Like most engineers, I hate tedious work. After I solve a problem once, I want a computer to take care of it whenever it pops up again. I try to automate everything, including machine learning projects. That’s why I love the idea of automatic machine learning (AutoML). Any innovation that makes data science projects easier frees us to work on more interesting problems.
AutoML has been incorrectly framed as a substitute for data scientists. Check out InfoWorld’s definition of AutoML:
Automated machine learning, or AutoML, aims to reduce or eliminate the need for skilled data scientists to build machine learning and deep learning models. Instead, an AutoML system allows you to provide the labeled training data as input and receive an optimized model as output. (Emphasis added.)
This is a nonsensical definition. How do you even get labeled training data without a data scientist? Does the AutoML genie do it for you?
You will likely encounter this misunderstanding among nontechnical leaders at your company. Some might even question the need to hire data scientists at all. Great AI leaders know that this confusion is an opportunity to educate your company’s leaders.
Automation solves only the easy problems
The confusion about AutoML is based on a misunderstanding of what actually happens in machine learning projects. Let’s look at a case study.

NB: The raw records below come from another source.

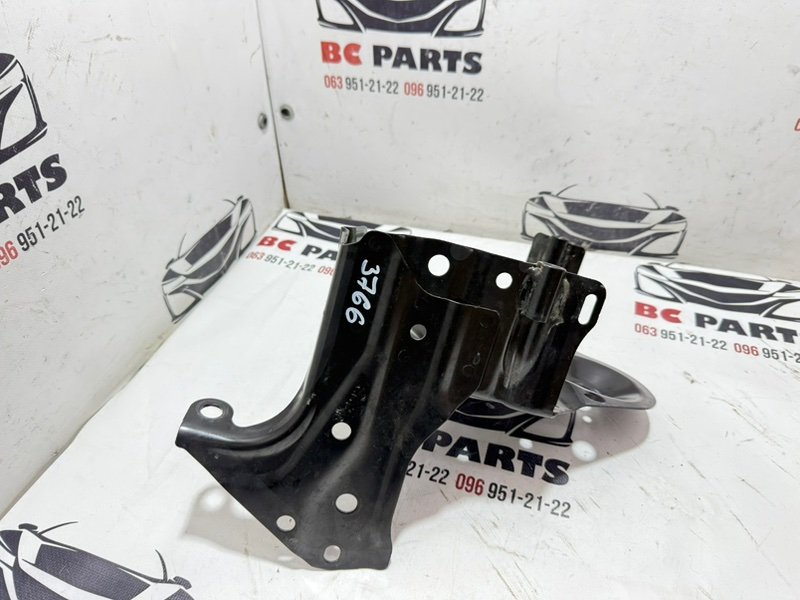 Подставка под аккумулятор Outback 2018 2.5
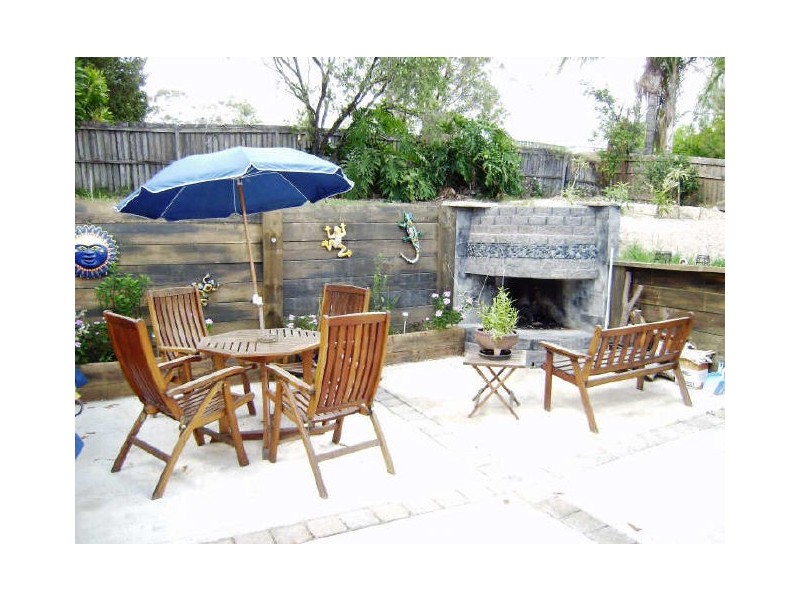 24 Plum Parade, Nerang QLD 4211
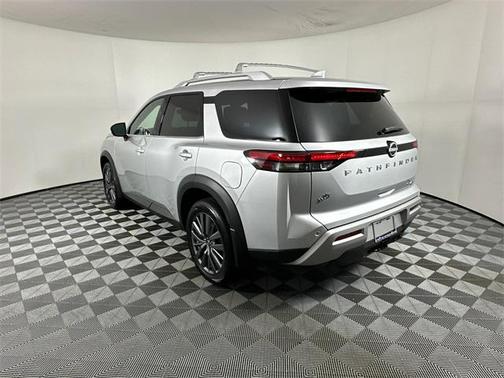 2025 Nissan Pathfinder SL 4WD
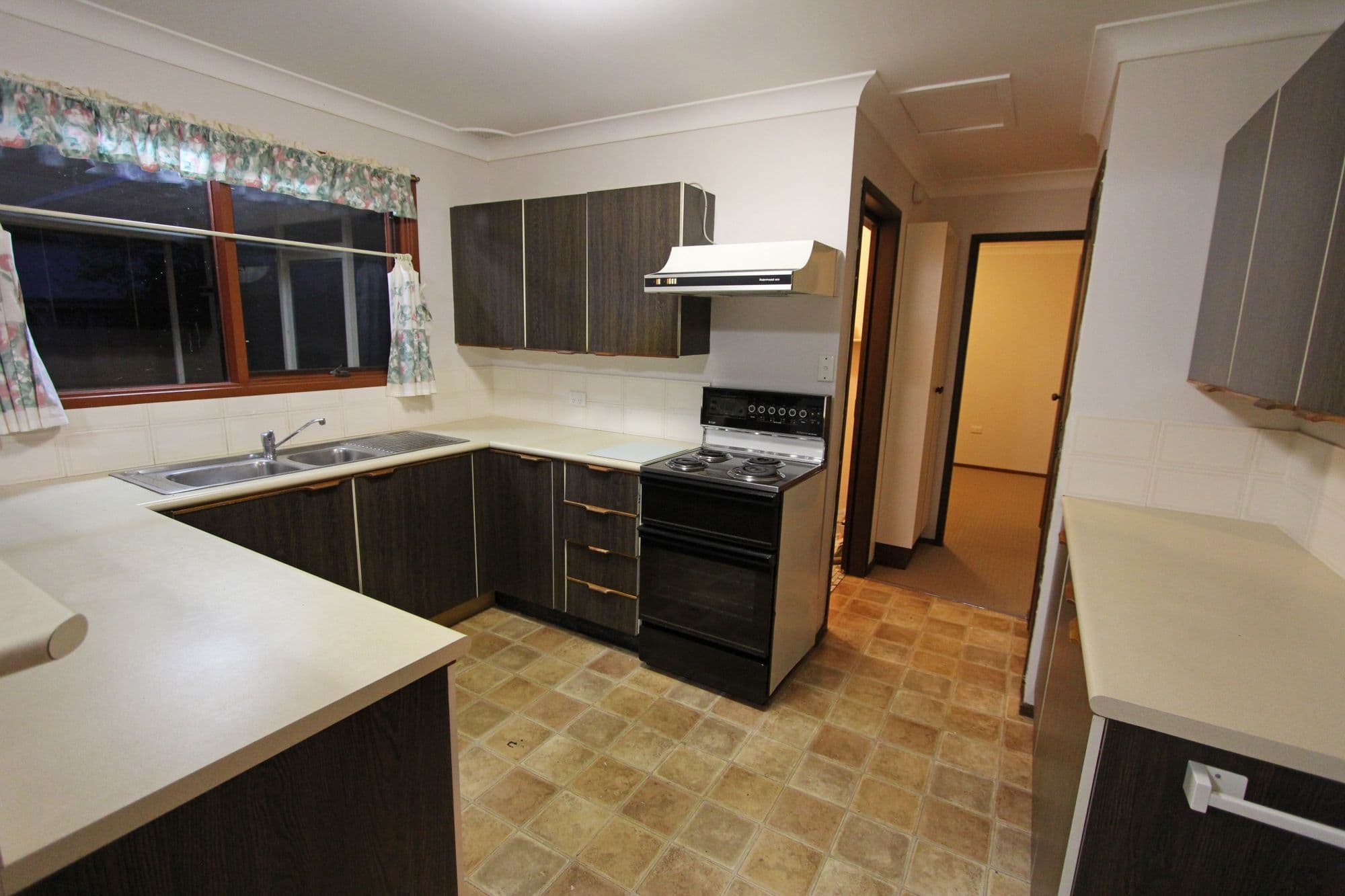 30 Lakin Street, BATEAU BAY NSW 2261, Bateau Bay - Thumbnail 6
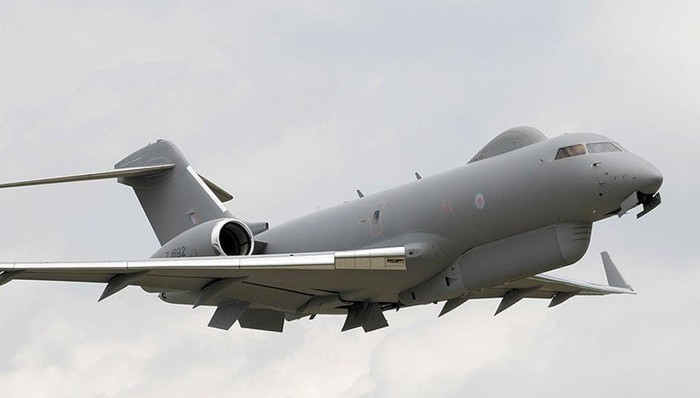 Cụ thể, Nga đã điều động các máy bay chiến đấu của lực lượng hàng không vũ trụ cho nhiệm vụ hộ tống và có thể bao gồm cả đánh chặn những kẻ vi phạm tiềm năng.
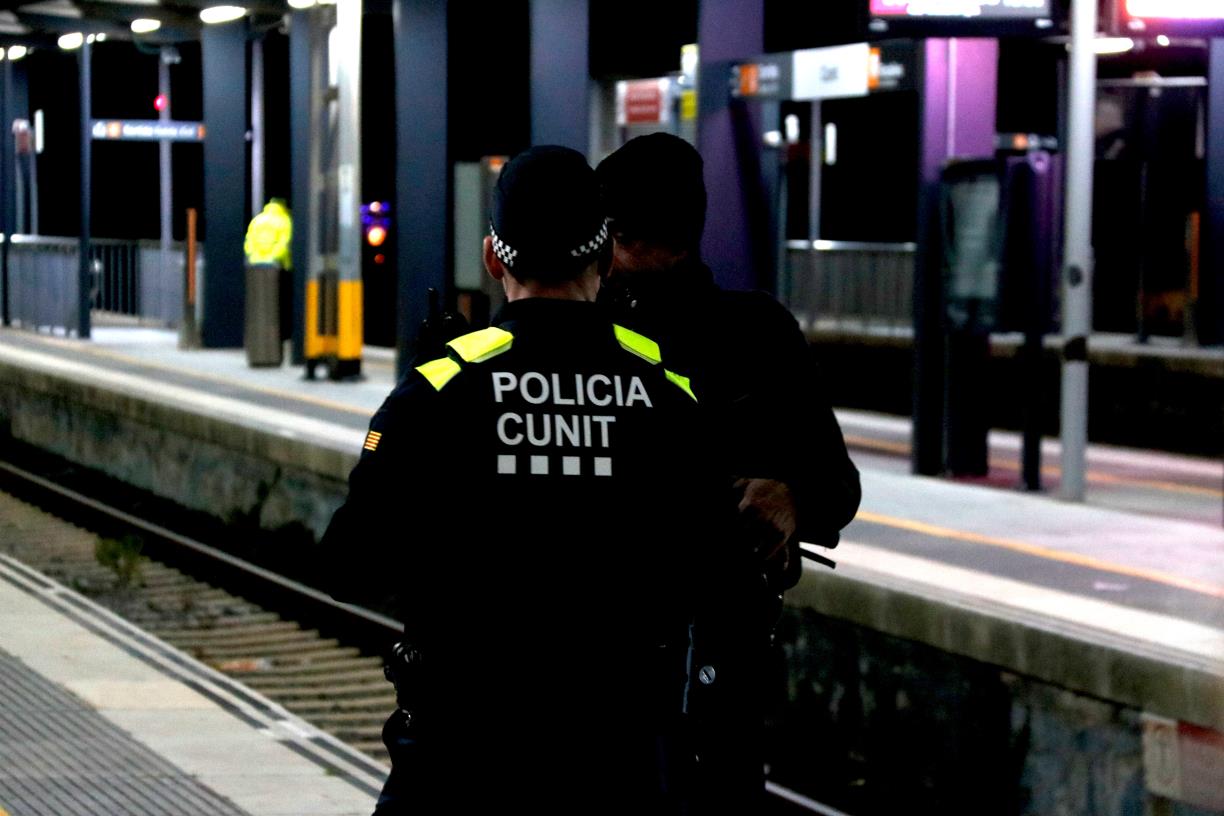 Cunit posa en marxa un dispositiu policial amb drons per evitar que es creuin les vies de tren a l'estació del municipi. ACN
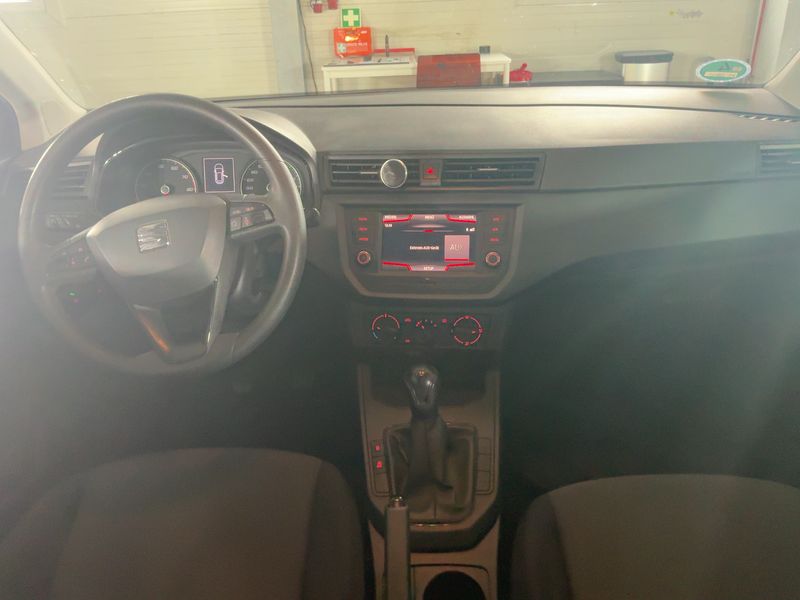 Seat Arona 1.0 TSI Reference 2019 – снимка 18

ML case study: Most time is spent thinking
Our case study was a relatively straightforward, feature-driven ML project. It was built with an off-the-shelf random forest model. Since the tasks are clear to an experienced data scientist, this case study can help identify potential opportunities forAutoML.

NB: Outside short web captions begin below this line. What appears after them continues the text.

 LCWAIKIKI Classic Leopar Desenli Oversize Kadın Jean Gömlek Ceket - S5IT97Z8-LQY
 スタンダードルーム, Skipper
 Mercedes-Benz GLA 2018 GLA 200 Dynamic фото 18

We benchmarked the time our data scientists spent to build a machine learning model. This work was a small part of a larger problem, but the example effectively illustrates the limitations of AutoML.

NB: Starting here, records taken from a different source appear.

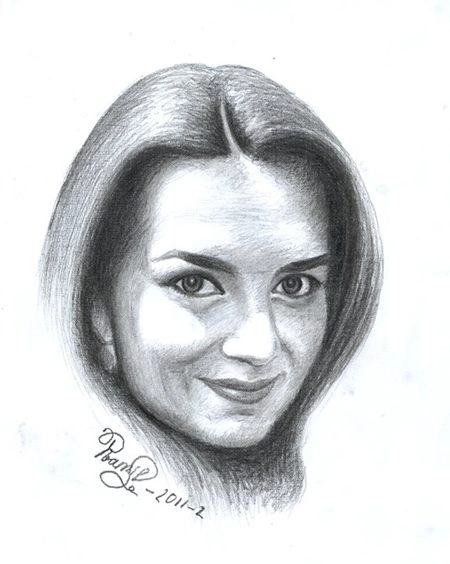 Graphite pencil portrait of a young woman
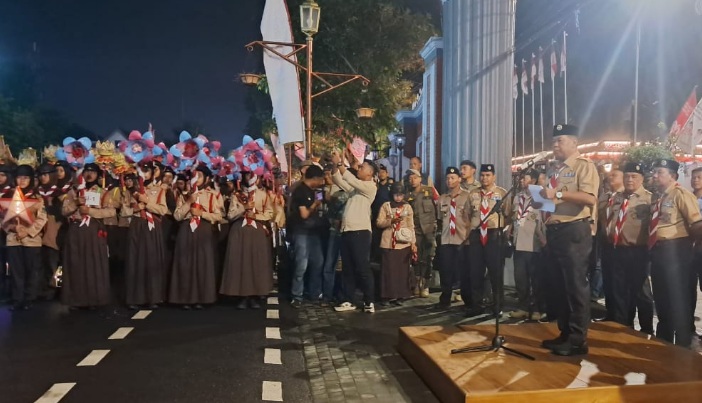 Pawai lampion warnai Hari Pramuka ke - 64 di Majalengka Pawai lampion warnai Hari Pramuka ke - 64 di Majalengka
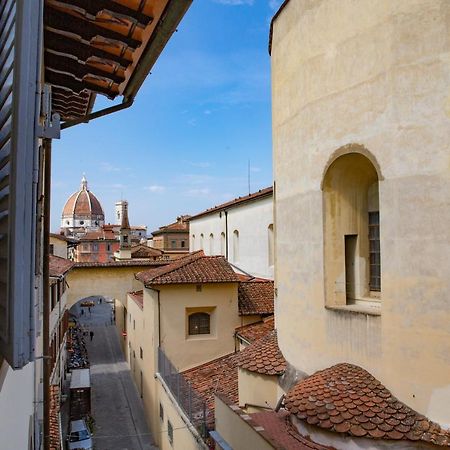 Tranquil Suite Near David Florenz Exterior foto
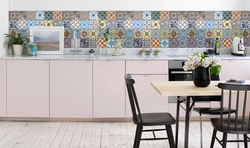 Photo of ceramic tiles as an apron in the kitchen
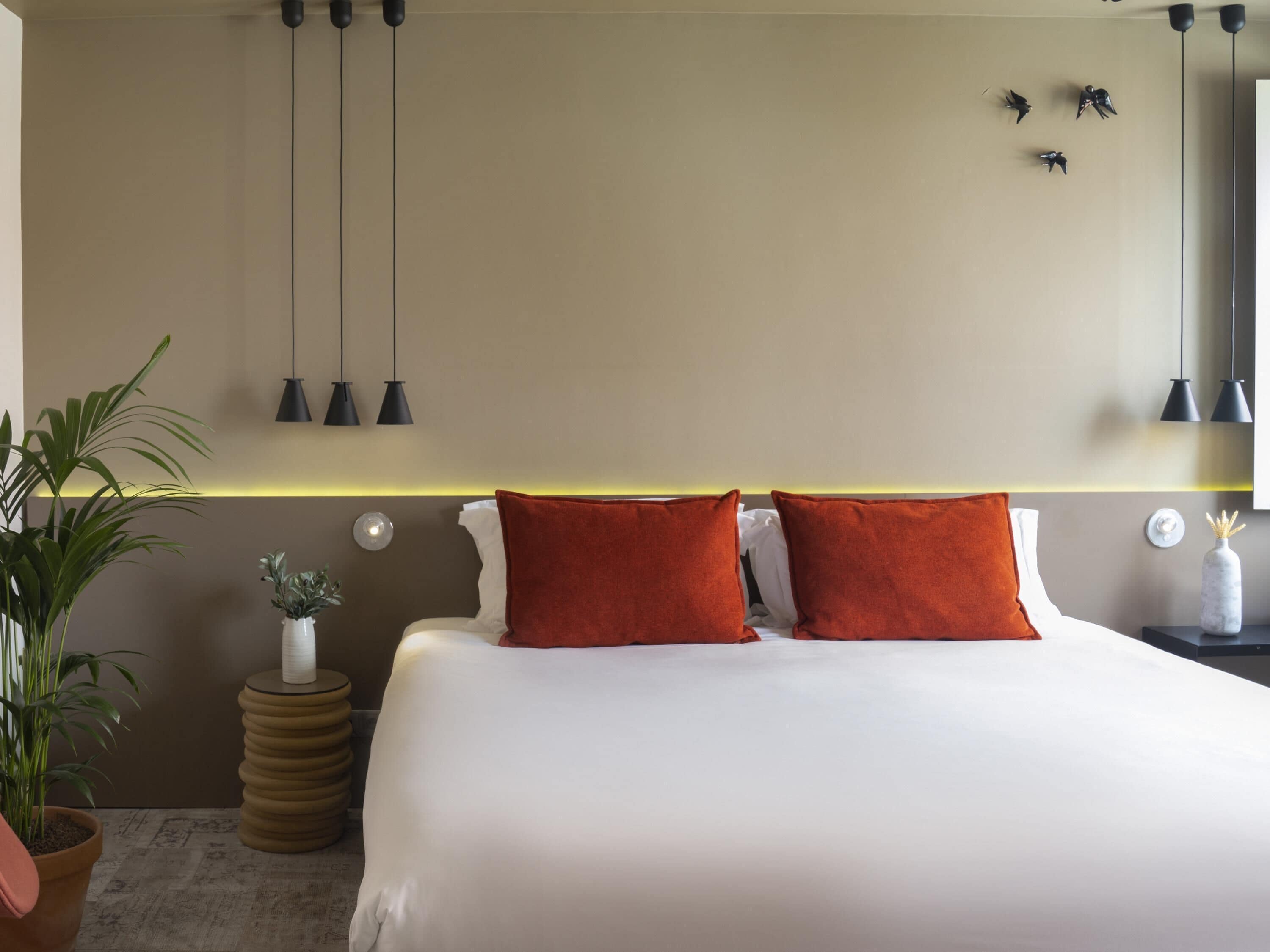 经典客房, 1 张大床 | 防过敏的被褥、Select Comfort 床、迷你吧、客房内保险箱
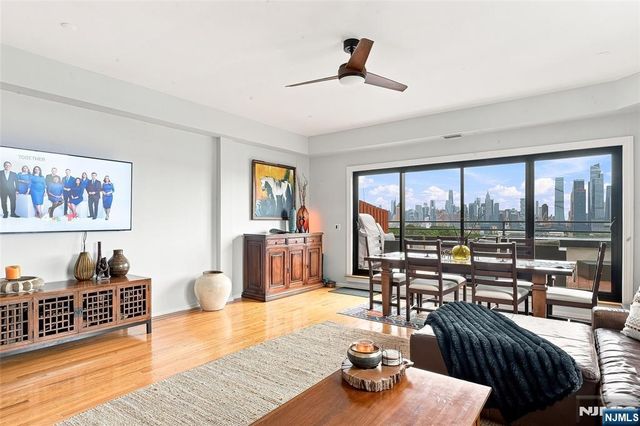 530 Gregory Avenue CP5, Weehawken, NJ 07086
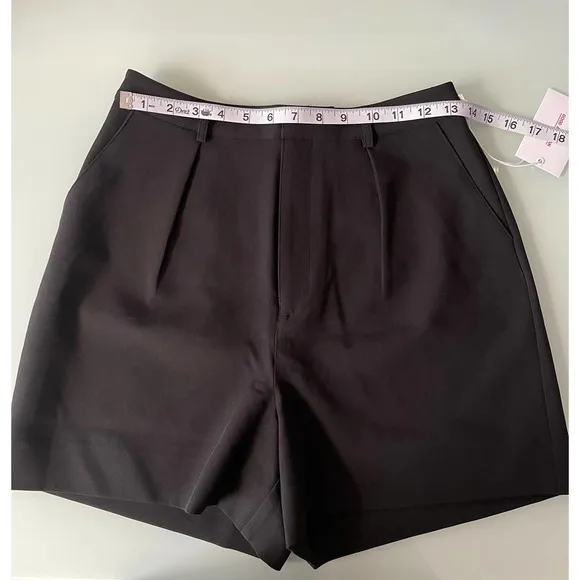 Good American Summer Boss Shorts Size 4/27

Here is how the data scientists spent their time:
How could AutoML have helped this project? Some automation might have improved efficiency in organizing data and training models. But when we look carefully at what actually happened, we see that the majority of the time was spent thinking: gathering & exploring data, analyzing & organizing results, and collaborating production deployment.
AutoML advocates describe the efficiencies gained in activities like hyper parameter selection, data cleansing, and model selection. This automation can be particularly helpful in relatively constrained problems like those in a Kaggle contest.
But real problems are not constrained. In our business case, for example, the client could articulate only a general description of the solution they needed. Further, the data contained significant errors that required data scientists to spend time exploring the upstream application that generated it. Working through these issues required creativity and exploratory thinking—two activities that cannot be automated. These types of challenges are significantly harder than testing whether a random forest or XGBoost model gives better results.
Where AutoML can help
AutoML is of course not useless. But keep in mind that it applies to only a subset of problems. For example, AutoML can be a great solution for:
- Rapid feasibility assessment, often as part of exploratory data analysis (EDA), particularly when the dataset is relatively clean.
- Giving business analysts tools to automatically retrain, tweak, and update stable predictive models.
From a data scientist’s perspective, these problems are easy. AutoML is best understood as a supplement to the work of your data scientists, not as a replacement.
Turn confusion into a win
Although you might be tempted to roll your eyes in the sales meeting with the AutoML vendors, you should recognize this moment as an opportunity. Help your company’s management understand where and how automation fits into your AI program—and where it doesn’t.
Here are a few tips that have worked for me:
- Don’t engage in theoretical and academic debates about replacing data scientists with AutoML. These conversations never lead anywhere and only create resentment. Simply acknowledge that AutoML can play a role in your overall strategy, like any degree of automation can.
- Help AutoML advocates do a pilot project without the help of the data science team. Unrealistic expectations for AutoML subside when people inevitably get stuck.
- Look for opportunities to hand off tedious data scientist tasks that nontechnical colleagues can complete by using AutoML. By framing automation as an opportunity to offload tedious activities, you can reduce the perceived threat of AutoML tools.
Above all, remember that AutoML zealots are not trying to undermine you or the data science team. Building a team of world-class machine learning engineers is hard, risky, and expensive. Many companies fail at it and don’t immediately recognize the value from their data science investment. These growing pains create fear, and it is perfectly understandable that companies would want to explore alternatives.
As an AI leader, your job is to help your stakeholders overcome this fear. Be the AI translator, and help them understand why AutoML isn’t a panacea. Explain where it can advance your AI program and where it can’t.